Question

Which of the following statements are true? Check all that apply. The mean is affected by outliers. The mean is always a more accurate measure of center than the median. Removing an outlier from a data set will cause the standard deviation to increase. If a data set’s distribution is skewed, then 95% of its values will fall between two standard deviations of the mean. If a data set’s distribution to skewed to the right, its mean will be larger than its median.

Answer 1

one don't trust the answer expert verified they usally have the wrong answer and there is another answer verified but they have different answers so i dont know what to pick it's so confusing

Explanation:

Answer 2

The mean is affected by outliers.
- TRUE - the mean is the average, so each value affects it.

The mean is always a more accurate measure of center than the median.
- FALSE: Although the mean gives a better idea of the values, the center for Normal distributions is described using the median value.

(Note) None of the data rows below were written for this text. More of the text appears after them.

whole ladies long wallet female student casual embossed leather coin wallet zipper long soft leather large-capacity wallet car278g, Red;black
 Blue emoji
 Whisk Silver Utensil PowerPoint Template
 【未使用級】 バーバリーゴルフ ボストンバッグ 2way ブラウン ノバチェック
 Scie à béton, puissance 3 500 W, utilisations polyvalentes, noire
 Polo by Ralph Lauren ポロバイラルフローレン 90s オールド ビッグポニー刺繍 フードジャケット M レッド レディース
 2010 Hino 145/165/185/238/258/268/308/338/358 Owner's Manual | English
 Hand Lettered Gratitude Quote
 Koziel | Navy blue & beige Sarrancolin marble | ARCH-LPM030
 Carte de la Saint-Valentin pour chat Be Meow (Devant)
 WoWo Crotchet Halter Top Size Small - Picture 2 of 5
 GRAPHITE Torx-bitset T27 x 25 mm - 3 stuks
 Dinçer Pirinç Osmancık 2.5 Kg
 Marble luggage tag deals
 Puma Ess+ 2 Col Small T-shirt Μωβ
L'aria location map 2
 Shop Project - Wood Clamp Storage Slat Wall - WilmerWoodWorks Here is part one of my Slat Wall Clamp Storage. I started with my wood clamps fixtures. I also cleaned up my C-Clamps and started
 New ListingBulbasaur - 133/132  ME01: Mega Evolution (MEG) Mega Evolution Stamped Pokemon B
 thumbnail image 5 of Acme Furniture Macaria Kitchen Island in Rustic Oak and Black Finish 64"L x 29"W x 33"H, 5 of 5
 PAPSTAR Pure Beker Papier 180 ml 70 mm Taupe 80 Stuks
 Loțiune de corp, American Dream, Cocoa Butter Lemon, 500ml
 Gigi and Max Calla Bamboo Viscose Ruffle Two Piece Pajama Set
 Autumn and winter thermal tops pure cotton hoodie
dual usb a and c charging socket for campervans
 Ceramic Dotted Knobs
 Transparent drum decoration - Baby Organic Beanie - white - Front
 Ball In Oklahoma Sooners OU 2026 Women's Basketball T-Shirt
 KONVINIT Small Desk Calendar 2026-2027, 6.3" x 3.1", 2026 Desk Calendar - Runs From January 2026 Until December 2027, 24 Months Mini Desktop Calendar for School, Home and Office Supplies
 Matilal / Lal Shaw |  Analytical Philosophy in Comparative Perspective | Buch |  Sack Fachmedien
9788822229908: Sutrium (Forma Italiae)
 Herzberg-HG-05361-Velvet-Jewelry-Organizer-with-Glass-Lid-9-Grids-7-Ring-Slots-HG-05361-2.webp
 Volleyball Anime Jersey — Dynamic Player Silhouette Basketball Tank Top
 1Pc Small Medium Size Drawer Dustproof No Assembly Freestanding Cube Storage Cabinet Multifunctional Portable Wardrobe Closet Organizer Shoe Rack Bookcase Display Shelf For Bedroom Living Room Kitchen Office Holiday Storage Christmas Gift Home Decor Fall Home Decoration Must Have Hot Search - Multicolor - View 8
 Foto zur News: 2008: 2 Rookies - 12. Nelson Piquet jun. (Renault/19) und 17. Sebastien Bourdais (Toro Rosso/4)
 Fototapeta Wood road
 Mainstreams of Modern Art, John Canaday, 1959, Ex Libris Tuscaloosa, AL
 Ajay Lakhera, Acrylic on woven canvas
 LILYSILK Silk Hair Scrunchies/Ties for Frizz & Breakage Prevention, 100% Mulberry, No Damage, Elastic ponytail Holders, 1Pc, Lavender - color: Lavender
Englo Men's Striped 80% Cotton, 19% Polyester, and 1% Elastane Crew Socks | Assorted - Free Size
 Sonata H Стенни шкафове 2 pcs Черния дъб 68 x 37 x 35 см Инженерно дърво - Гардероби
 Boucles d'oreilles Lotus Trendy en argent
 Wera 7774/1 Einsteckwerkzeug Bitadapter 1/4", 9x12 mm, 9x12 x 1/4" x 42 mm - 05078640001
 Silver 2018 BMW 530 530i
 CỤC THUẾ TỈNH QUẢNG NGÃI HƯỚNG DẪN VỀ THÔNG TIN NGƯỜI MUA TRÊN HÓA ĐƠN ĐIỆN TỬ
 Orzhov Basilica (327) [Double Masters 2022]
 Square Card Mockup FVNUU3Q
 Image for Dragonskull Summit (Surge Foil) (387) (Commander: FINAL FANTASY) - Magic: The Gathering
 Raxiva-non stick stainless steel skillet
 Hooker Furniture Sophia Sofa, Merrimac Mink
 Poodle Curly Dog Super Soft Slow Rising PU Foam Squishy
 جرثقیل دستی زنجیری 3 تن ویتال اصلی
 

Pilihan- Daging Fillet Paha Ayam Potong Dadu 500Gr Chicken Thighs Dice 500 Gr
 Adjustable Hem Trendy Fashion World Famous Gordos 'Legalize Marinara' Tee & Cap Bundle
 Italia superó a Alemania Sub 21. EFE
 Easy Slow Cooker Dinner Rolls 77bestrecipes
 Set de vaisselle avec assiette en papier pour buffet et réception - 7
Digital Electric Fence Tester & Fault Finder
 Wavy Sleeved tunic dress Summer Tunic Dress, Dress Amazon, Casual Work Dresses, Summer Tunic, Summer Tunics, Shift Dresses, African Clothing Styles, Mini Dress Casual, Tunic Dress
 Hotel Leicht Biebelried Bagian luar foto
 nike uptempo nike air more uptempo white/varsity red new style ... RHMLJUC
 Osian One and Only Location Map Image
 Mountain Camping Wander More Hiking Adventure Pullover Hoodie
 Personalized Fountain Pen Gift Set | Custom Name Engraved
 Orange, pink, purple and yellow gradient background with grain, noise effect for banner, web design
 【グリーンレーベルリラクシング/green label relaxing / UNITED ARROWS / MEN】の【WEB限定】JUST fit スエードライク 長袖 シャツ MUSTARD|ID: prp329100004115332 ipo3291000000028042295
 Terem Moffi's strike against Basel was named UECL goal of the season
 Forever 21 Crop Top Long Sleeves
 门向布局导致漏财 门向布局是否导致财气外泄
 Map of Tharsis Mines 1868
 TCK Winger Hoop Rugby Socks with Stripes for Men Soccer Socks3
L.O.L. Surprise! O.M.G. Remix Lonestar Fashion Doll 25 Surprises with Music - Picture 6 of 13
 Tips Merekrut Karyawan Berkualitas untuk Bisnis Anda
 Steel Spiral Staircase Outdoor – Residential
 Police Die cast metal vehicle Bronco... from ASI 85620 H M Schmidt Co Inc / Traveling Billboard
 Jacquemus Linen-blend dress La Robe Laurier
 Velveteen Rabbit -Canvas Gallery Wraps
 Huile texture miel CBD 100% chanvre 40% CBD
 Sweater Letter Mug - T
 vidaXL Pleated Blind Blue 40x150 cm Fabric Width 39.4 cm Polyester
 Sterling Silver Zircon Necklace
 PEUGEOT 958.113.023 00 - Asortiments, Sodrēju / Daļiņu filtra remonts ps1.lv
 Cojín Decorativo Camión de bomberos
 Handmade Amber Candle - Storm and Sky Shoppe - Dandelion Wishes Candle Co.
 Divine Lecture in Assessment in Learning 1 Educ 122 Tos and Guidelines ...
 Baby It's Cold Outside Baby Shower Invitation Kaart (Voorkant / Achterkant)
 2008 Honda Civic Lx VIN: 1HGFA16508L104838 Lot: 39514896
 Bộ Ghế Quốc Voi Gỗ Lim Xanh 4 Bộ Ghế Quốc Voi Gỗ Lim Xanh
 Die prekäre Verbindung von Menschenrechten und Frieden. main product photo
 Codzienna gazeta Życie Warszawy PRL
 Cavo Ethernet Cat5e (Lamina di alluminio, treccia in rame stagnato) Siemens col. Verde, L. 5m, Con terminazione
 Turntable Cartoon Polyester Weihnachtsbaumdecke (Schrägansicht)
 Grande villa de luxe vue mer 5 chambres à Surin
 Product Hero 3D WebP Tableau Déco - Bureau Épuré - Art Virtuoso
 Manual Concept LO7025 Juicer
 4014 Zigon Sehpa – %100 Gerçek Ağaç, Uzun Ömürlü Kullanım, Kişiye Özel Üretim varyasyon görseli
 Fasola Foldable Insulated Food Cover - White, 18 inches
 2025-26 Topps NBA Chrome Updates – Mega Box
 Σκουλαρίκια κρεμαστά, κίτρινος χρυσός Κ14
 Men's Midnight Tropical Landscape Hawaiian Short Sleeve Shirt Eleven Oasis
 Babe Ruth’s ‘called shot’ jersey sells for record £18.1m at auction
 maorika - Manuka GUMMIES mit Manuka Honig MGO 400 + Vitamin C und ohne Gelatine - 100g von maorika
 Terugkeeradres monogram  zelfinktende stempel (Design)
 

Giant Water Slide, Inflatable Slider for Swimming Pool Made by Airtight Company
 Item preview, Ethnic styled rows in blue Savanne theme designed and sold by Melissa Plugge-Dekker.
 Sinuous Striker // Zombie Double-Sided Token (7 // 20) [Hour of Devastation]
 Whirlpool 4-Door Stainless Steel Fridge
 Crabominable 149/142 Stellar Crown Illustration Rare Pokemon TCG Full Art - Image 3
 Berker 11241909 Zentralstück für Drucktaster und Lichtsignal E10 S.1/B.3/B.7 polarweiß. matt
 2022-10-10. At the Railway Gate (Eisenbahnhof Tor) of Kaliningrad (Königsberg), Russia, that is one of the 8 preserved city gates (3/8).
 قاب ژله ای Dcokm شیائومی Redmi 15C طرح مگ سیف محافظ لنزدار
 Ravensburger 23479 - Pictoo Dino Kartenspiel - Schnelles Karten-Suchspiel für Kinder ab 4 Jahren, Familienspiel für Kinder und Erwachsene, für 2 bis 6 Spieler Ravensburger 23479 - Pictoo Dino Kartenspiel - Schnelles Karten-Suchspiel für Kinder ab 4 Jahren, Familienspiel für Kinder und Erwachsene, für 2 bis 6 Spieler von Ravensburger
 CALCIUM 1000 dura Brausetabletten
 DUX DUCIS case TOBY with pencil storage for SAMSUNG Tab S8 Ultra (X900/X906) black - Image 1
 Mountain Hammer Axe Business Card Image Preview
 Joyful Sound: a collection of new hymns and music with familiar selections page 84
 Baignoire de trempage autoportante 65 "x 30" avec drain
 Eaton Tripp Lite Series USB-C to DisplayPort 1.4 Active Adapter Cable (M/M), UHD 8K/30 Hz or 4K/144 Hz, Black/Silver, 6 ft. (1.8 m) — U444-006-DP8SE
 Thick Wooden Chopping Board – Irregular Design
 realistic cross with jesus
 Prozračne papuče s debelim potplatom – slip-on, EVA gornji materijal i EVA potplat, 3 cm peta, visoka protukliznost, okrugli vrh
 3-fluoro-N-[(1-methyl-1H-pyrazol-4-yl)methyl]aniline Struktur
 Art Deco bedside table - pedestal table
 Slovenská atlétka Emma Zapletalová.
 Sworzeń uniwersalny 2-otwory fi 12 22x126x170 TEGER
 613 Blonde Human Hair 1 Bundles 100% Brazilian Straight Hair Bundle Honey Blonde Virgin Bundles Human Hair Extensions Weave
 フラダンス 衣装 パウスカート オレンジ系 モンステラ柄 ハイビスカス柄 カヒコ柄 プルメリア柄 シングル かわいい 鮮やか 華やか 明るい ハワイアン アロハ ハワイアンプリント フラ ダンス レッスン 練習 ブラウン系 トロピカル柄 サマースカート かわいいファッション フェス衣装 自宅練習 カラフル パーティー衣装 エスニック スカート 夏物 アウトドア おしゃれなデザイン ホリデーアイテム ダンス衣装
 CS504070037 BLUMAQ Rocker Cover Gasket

Removing an outlier from a data set will cause the standard deviation to increase.
- FALSE: Removing an outlier from a data set makes the data more Normal, reducing the standard deviation, not increasing it.

If a data set’s distribution is skewed, then 95% of its values will fall between two standard deviations of the mean.
- FALSE: the 68-95-99.9 rule works for a bell-curve distribution, a.k.a. a Normal distribution, not a skewed distribution.

If a data set’s distribution to skewed to the right, its mean will be larger than its median.
- TRUE: the mean is always pulled in the direction of the skewness.